PROVIDED MATERIAL:

━━━━

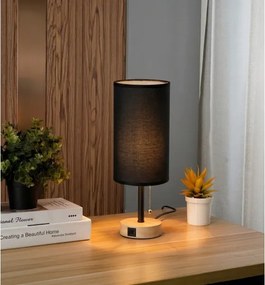 BRILAGI - TABLON asztali lámpa USB-porttal, 1xE27/25W/230V, tölgy/fekete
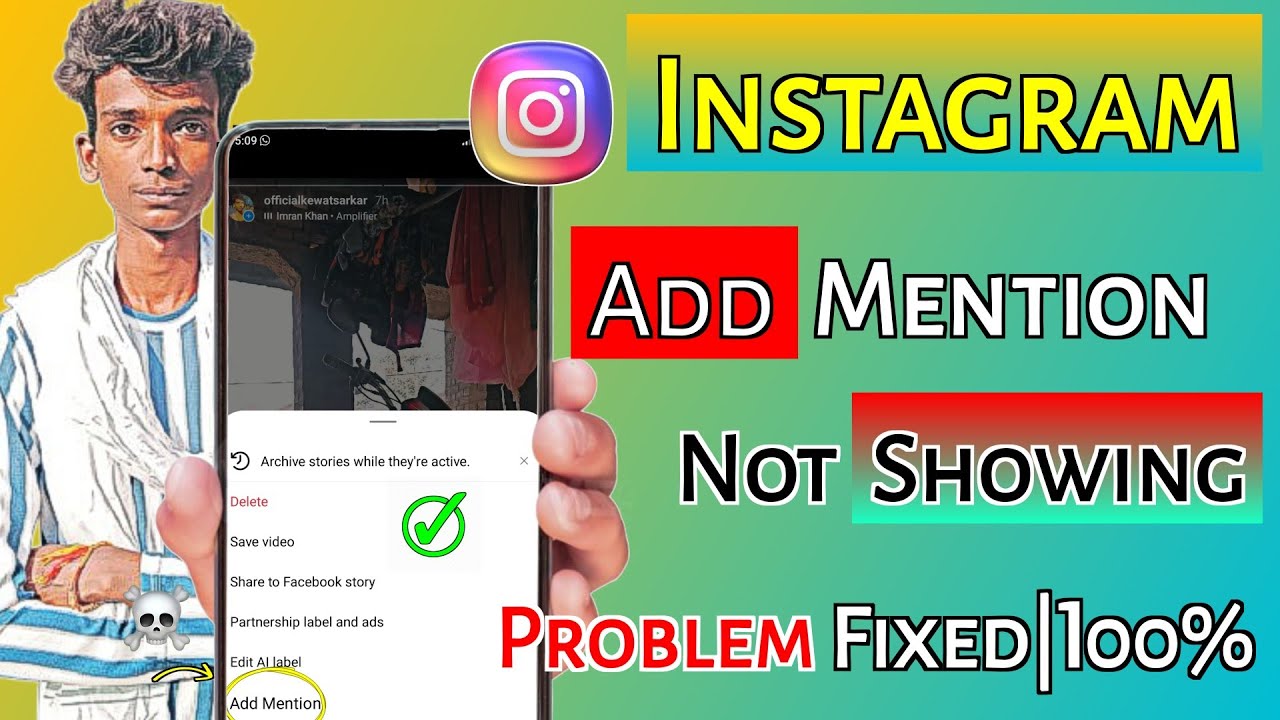 Add Mention Option Not Showing On Instagram Story || Fix Add Mention Not Showing Instagram Story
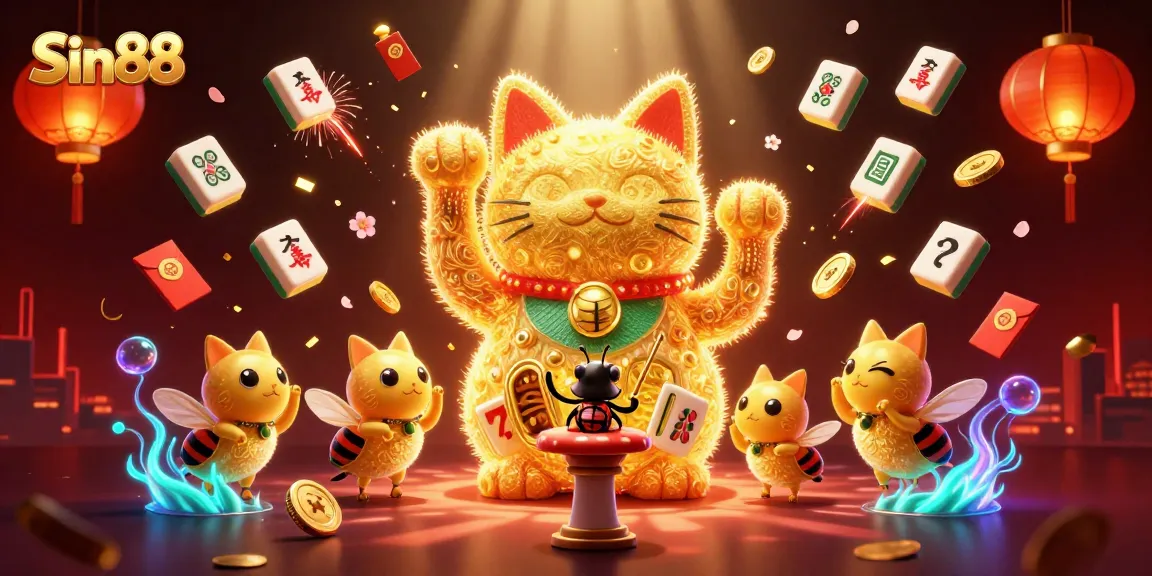 Engage with Sin88 as golden fireflies create dynamic casino scenes filled with lucky symbols.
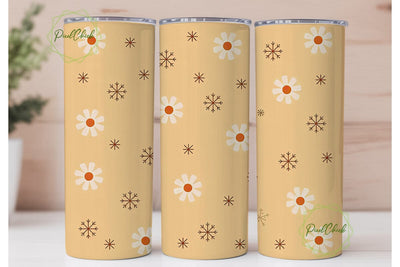 Daisy Snowflake Christmas Tumbler Wrap Sublimation PixelChick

━━━━

Apart from the images, print all the material above exactly as given.

 BRILAGI - TABLON asztali lámpa USB-porttal, 1xE27/25W/230V, tölgy/fekete
 Add Mention Option Not Showing On Instagram Story || Fix Add Mention Not Showing Instagram Story
 Engage with Sin88 as golden fireflies create dynamic casino scenes filled with lucky symbols.
 Daisy Snowflake Christmas Tumbler Wrap Sublimation PixelChick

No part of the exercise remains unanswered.